Our Mtg. Division Manager is looking for ways to hold MLOs accountable for errors on loan files. Would either of the options below be a violation of Reg Z’s MLO Compensation Rules:
1- We have issues with appraisals being ordered too soon in the process and the borrower does not pay for them in advance. When the loan doesn’t close for whatever reason, the bank is stuck paying the bill. If the MLO did not follow bank guidelines for time frames, can we pass that expense to the MLO without violating the comp rules?
2 – We are considering putting into place a quality scorecard. There would be 3 – 5 measures that would speak to the quality of the files for a period of time, for instance quarterly. Thresholds would be set for each measure and if the MLO exceeded those thresholds, there would be an impact to their commissions. Examples: % of errors on GFEs issued; % of loans closed compared to apps taken; Avg. # of days from application to closing.
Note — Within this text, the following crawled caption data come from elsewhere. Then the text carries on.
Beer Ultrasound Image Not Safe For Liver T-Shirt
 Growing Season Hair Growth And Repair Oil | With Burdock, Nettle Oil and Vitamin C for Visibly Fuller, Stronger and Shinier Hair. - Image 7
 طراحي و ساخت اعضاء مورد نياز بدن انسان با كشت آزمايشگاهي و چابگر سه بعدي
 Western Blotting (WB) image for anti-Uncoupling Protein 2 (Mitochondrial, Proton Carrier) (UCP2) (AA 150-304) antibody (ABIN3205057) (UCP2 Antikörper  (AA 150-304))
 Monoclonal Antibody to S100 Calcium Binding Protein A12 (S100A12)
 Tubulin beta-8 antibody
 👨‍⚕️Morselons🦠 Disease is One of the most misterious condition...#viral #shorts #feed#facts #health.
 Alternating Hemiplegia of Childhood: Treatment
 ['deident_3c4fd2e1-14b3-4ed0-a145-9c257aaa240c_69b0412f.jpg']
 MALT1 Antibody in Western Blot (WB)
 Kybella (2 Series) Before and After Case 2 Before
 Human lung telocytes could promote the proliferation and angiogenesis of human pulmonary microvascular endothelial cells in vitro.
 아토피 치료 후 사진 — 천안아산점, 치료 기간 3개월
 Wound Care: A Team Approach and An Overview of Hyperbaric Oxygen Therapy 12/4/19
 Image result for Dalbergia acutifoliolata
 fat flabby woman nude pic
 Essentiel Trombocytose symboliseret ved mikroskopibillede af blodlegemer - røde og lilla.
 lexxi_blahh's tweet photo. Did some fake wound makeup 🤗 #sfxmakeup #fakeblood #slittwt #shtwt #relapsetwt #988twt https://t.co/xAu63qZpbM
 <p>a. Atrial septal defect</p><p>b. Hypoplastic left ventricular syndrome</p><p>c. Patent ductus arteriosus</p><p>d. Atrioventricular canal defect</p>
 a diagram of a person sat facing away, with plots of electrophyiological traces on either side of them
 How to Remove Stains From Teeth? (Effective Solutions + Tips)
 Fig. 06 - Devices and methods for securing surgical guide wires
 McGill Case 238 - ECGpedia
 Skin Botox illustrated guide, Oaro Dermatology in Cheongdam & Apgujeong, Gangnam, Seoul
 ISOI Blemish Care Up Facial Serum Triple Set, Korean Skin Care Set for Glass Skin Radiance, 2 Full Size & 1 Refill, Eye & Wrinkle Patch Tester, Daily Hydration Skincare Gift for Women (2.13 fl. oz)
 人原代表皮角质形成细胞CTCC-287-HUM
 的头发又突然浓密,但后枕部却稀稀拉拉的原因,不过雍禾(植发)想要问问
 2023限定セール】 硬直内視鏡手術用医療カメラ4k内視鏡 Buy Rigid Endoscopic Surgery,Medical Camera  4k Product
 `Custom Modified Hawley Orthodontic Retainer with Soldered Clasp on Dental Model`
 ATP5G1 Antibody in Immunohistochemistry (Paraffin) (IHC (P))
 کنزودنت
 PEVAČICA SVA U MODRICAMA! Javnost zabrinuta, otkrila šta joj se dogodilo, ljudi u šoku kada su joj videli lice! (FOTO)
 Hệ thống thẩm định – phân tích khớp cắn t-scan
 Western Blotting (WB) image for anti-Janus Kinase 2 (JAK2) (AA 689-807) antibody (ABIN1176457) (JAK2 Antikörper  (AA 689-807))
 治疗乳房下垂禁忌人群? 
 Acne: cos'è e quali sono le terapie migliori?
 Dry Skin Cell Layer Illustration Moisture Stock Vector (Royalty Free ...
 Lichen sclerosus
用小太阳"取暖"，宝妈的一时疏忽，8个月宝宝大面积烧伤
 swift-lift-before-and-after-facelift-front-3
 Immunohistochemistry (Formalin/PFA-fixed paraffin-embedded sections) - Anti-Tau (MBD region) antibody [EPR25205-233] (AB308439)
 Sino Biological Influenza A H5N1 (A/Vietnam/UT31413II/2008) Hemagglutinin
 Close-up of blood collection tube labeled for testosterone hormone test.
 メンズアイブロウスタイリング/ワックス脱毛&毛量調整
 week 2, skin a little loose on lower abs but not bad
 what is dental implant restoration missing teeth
1. I don’t believe this would violate the compensation rules. You need to ensure you aren’t providing incentive for lender to collect the appraisal fee before they provided the early disclosures and the borrower has indicated their intent to proceed with the transaction and have clear policies and procedures reflecting this.
2. I think this would be fine as long as you use measures that are not based on terms of the loan or proxies for terms and are considered permissible methods of compensation (see Reg Z Commentary, Paragraph 36(d)(1)-2(i) ). Also look at the examples of bonuses based on terms versus performance benchmarks listed under Paragraph 36(d)(1)-1(ii).